Incorta's Loader Service is responsible for extracting data from various data sources and needs to be highly available to make sure that no single point of failure can bring down this key component. This article will help you to configure this service for high availability as well as to distribute the load.
What you need to know before reading this article
This article requires knowledge of Incorta Installation and Administration. It also requires understanding concepts of load balancing and high availability and failover.
When an Incorta cluster is deployed, the default configuration consists of a single loader service (for data acquisition) and a single analytics service (for analytics on the extracted data). Data extraction will be performed by a single loader service and also all the analytics users are served by a single analytics service. There is no high availability for both loader and analytics services.
The following diagram represents an Incorta architecture with a single loader and single analytics service. If any of the service go down the corresponding loader / analytics functionality will not be available.
Simple and low cost solution
No High Availability, not suitable for applications requiring high availability
High Availability at Analytics Level
The most common option customers go with is by provisioning multiple analytics services to make Analytics high available. So if a particular analytics service go down users are still served from the other analytics services configured.
The diagram below represents one loader (no high-availability) and three analytics services (high-availability).
High Availability at Analytics level
Loader service failures will leave users with stale data
Load Balancing and High Availability at both Loader and Analytics
Having high availability at analytics will ensure that analytics users are not affected by individual analytics service failures.

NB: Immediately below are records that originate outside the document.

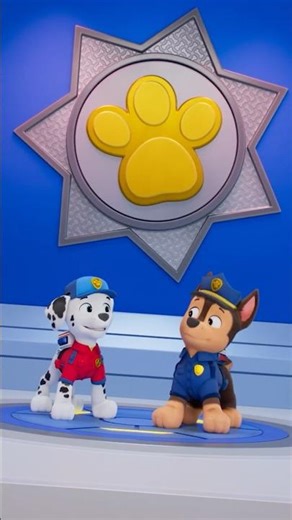 PAW Patrol | De PAW Patrol-pups zijn klaar voor actie! | Nick Jr. Nederlands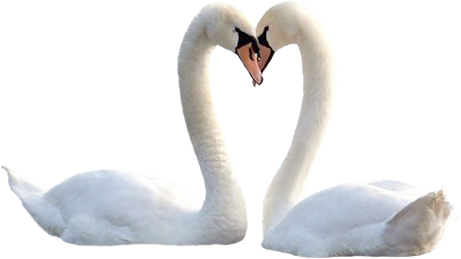 Свадебные лебеди вектор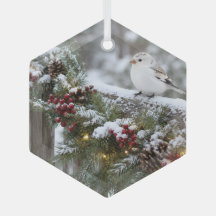 Christmas Winter Snowfinch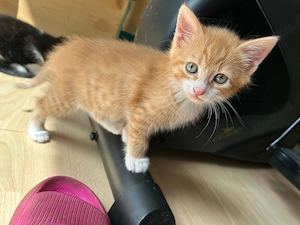 Baby Kater
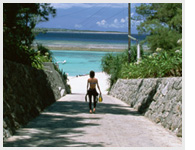 沖縄の海とサーファー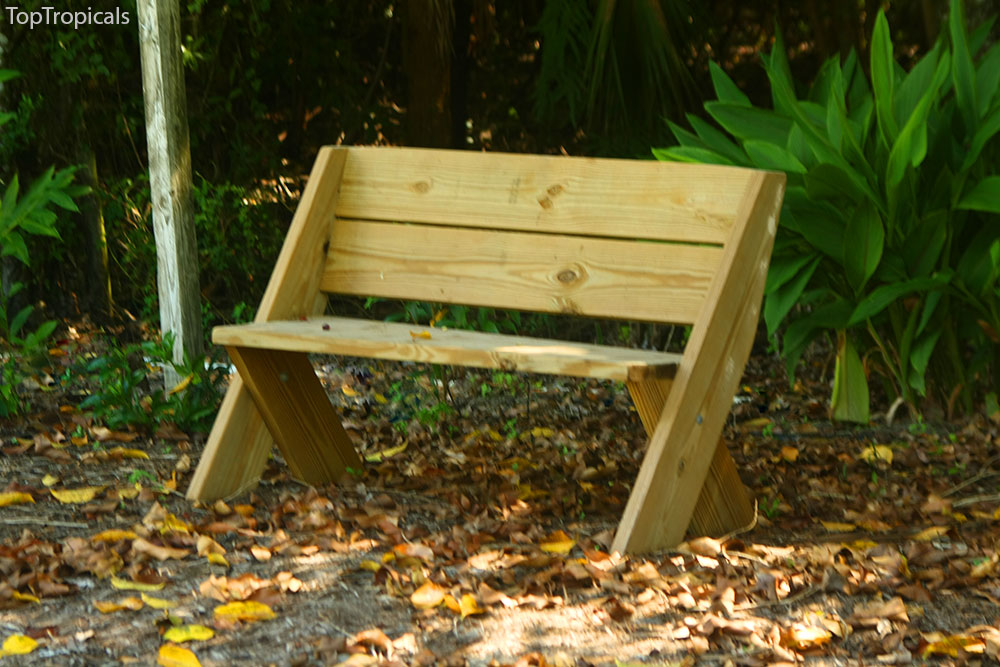 PeopleCats Garden - garden bench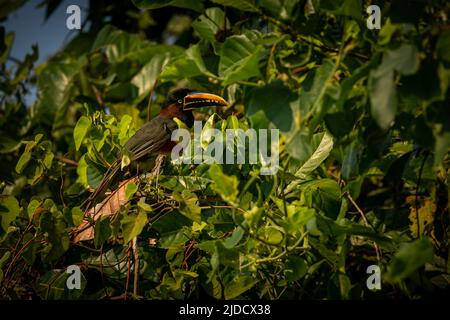 Majestätischer und farbenfroher Vogel im Naturlebensraum. Vögel des nördlichen Pantanal, wildes brasilien, brasilianische Tierwelt voller grüner Dschungel. Stockfoto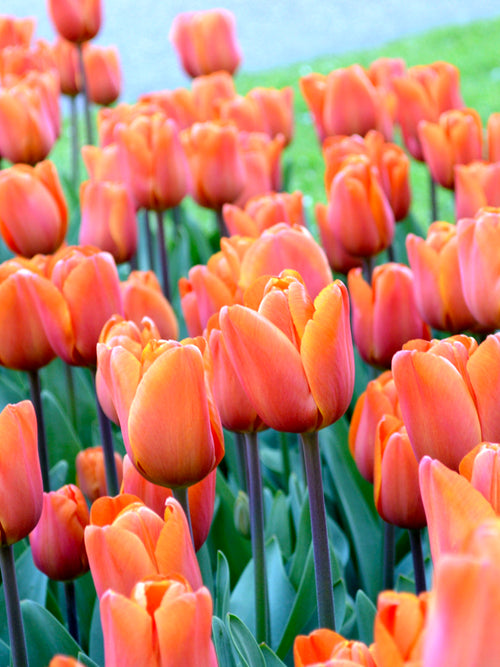 Triumph-Tulpe Kings Orange | Tulpen kaufen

However since there is no high availability at loader level, there is a possibility of the loader service failing and leaving users with stale data.
The simple solution is to add multiple loader services ensuring high availability for extraction of data. However, in addition to that, a little more complex architecture can be configured to evenly distribute the extraction load among multiple loader services.
In the following architecture diagram, three primary loader services are defined. Each, extracting data related to a particular business area. This is achieved by assigning schemas to specific loader service in the distribution.properties file in the tenant directory.
Distribution file for the above architecture
In the above distribution file, schemas related to three different business areas are assigned to three different loader services. In addition, a backup loader service is also configured to provide high availability in case of primary loader service failure.
Note: There is a default loader service assigned as well to honor extraction of data for schemas that have been defined but not yet assigned to any specific loader service. If this is not specified, any new schemas that are not yet assigned to a loader service will not be extracted.
Advantages of the above architecture
Distribution of data extraction by assigning business specific schemas to specific loader services
High Availability of loader service by defining an additional loader service for each business area
High Availability of Analytics
This architecture is also suitable for organizations that cannot afford high end machines and need to use commodity hardware limited by memory and processing power.